Given records: Begin

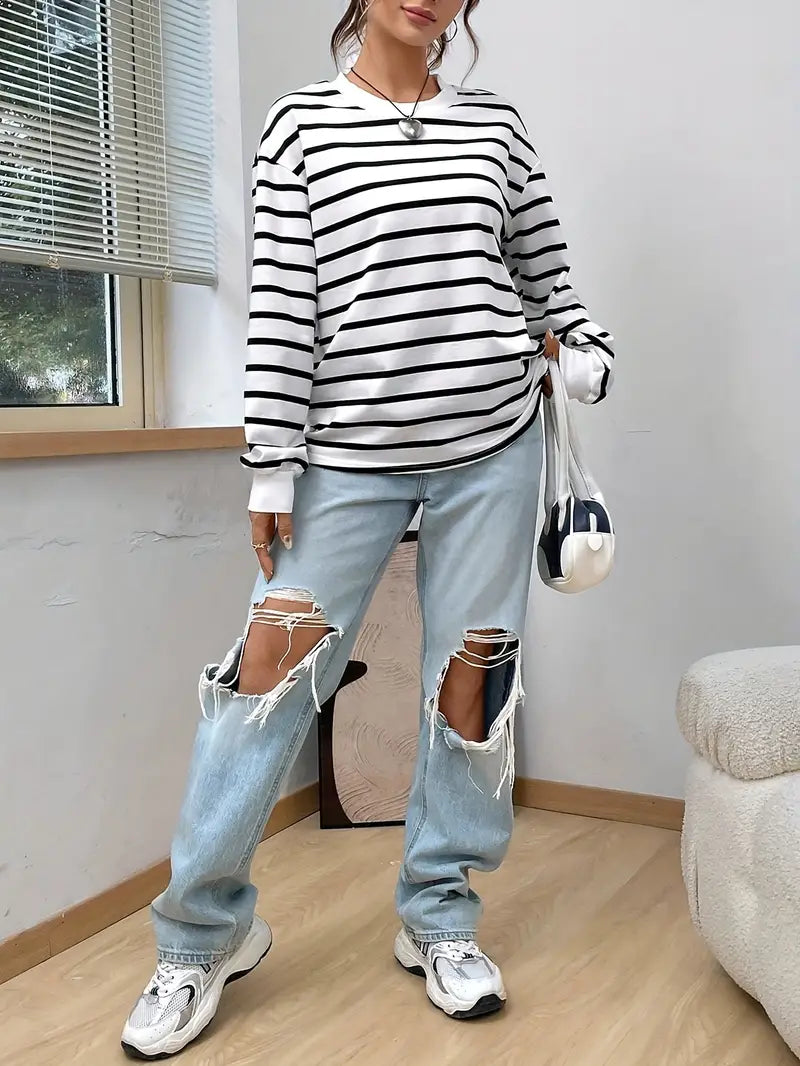 Kaatje Sweater | Gestreepte Casual Trui met Relaxte Pasvorm en Tijdloos Design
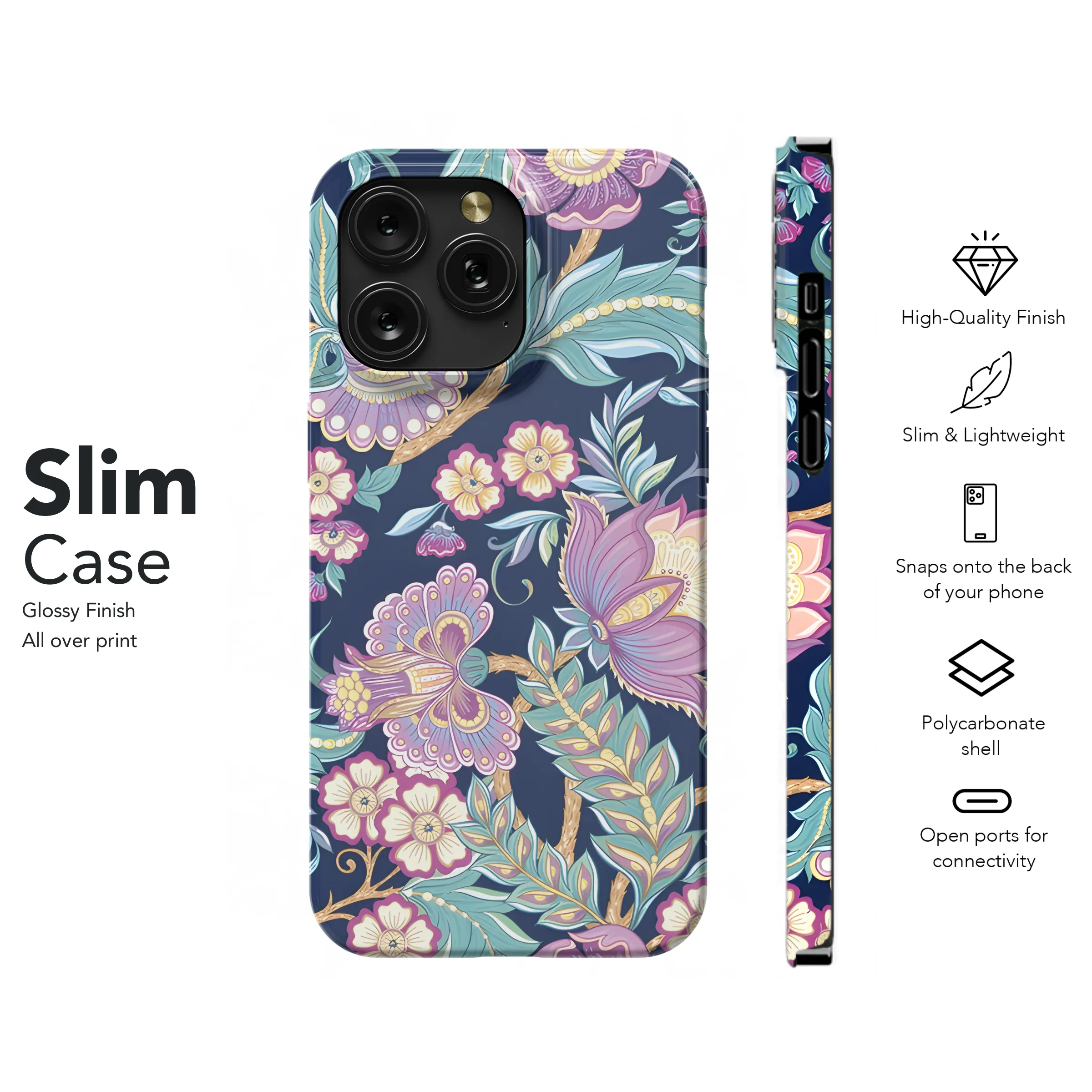 Retro Vintage Flower Jacobin Phone Case iPhone Samsung Cover Pixel 3821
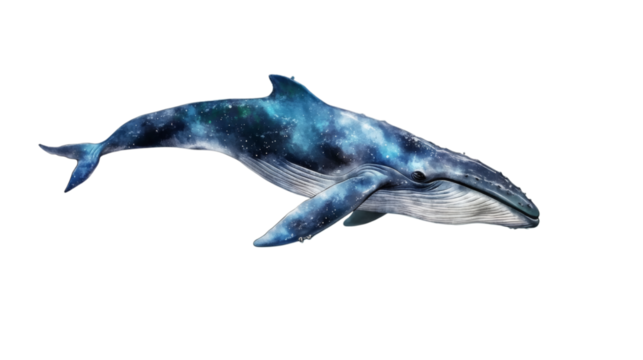 Blue whale isolated on white transparent background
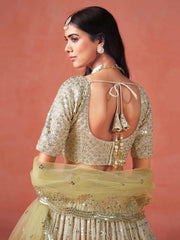 Yellow Zari Embroidery Designer Lehenga Choli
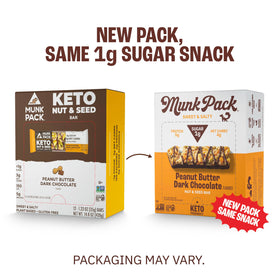 Munk Pack Fiber Nut Bar on grocery store shelf, a gluten-free, keto-friendly option.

Given records: End

▸ **What is needed**
Leaving the pictures out, write out all the material above exactly.

▸ **Task solution**
 Kaatje Sweater | Gestreepte Casual Trui met Relaxte Pasvorm en Tijdloos Design
 Retro Vintage Flower Jacobin Phone Case iPhone Samsung Cover Pixel 3821
 Blue whale isolated on white transparent background
 Yellow Zari Embroidery Designer Lehenga Choli
 Munk Pack Fiber Nut Bar on grocery store shelf, a gluten-free, keto-friendly option.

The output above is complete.